The bill, which the committee approved 14-5, would authorize the mission in Libya for a year.
Corker supported Republican amendments that would restrict the military's role and require more congressional input.
The amendments would prevent troops and private contractors from being deployed on the ground, require the White House to provide monthly reports on the mission's progress and cost, and require using Libyan dictator Moammar Gadhafi's frozen assets to reimburse the U.S. for military costs.
Another Republican addition specifies that military actions in Libya require congressional approval, addressing a question that gave rise to heated debate at a hearing before the vote.
Harold Koh, a top State Department lawyer, told lawmakers the administration doesn't need Congress to approve military intervention in Libya - an assertion that Corker said amounts to "sticking a stick in the eyes of Congress."

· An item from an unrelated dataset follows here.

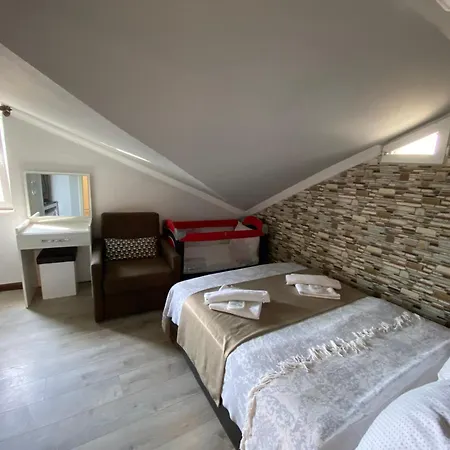 Marina Hotel 3*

Koh said the 1973 War Powers Resolution, which requires the president to get congressional approval within 60 days of deploying the military into "hostilities," doesn't apply to Libya because the U.S. is supporting a NATO operation.

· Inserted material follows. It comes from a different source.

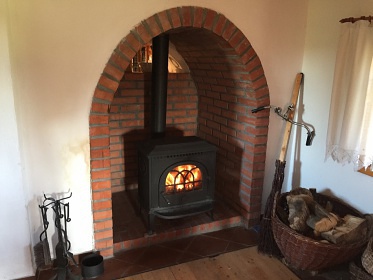 Polorouben� chalupa s baz�nem - Orlick� hory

Military action in Libya doesn't constitute hostilities because it's limited in scope, Koh said. There have been no American casualties and the risk the conflict will escalate is low, he added.

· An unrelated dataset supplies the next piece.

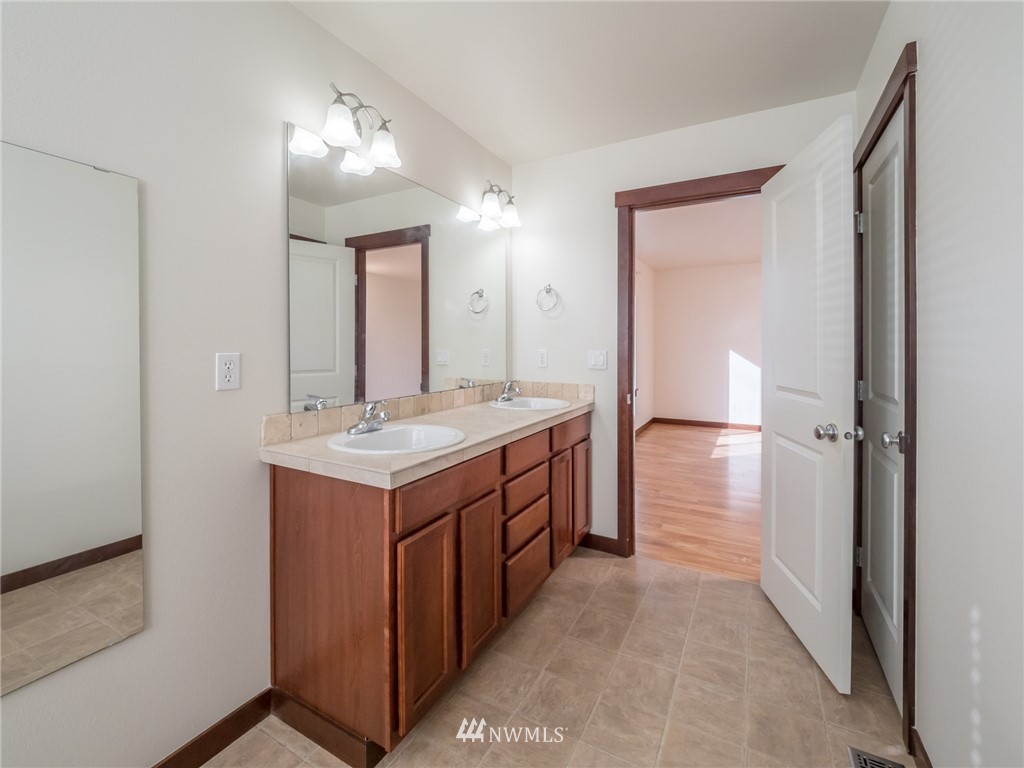 17324 13th Avenue Southeast, Unit 12W Bothell, WA 98012 - Photo 16 of 22 Gallery Image 16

Corker called that argument "cute" and said it undermines the credibility of the administration and the war powers measure.
Saying a lack of U.S. casualties means hostilities aren't occurring is "preposterous," Corker told Koh.
"By that reasoning, we could drop a nuclear bomb on Tripoli and we would not be involved in hostilities," he said. "This administration has established a precedent for this country by taking this argument that any president, Republican or Democrat, can use Predator (drones) in any country they wish - because that is limited hostilities - without Congress being involved."
Corker and four other Republicans on the panel voted to amend the legislation to limit military spending in Libya to intelligence, refueling, operational planning, and search and rescue, but that amendment didn't pass.
Before the vote, Corker urged his colleagues to consider modernizing Congress' war powers authority to including Predator drones and other new technology.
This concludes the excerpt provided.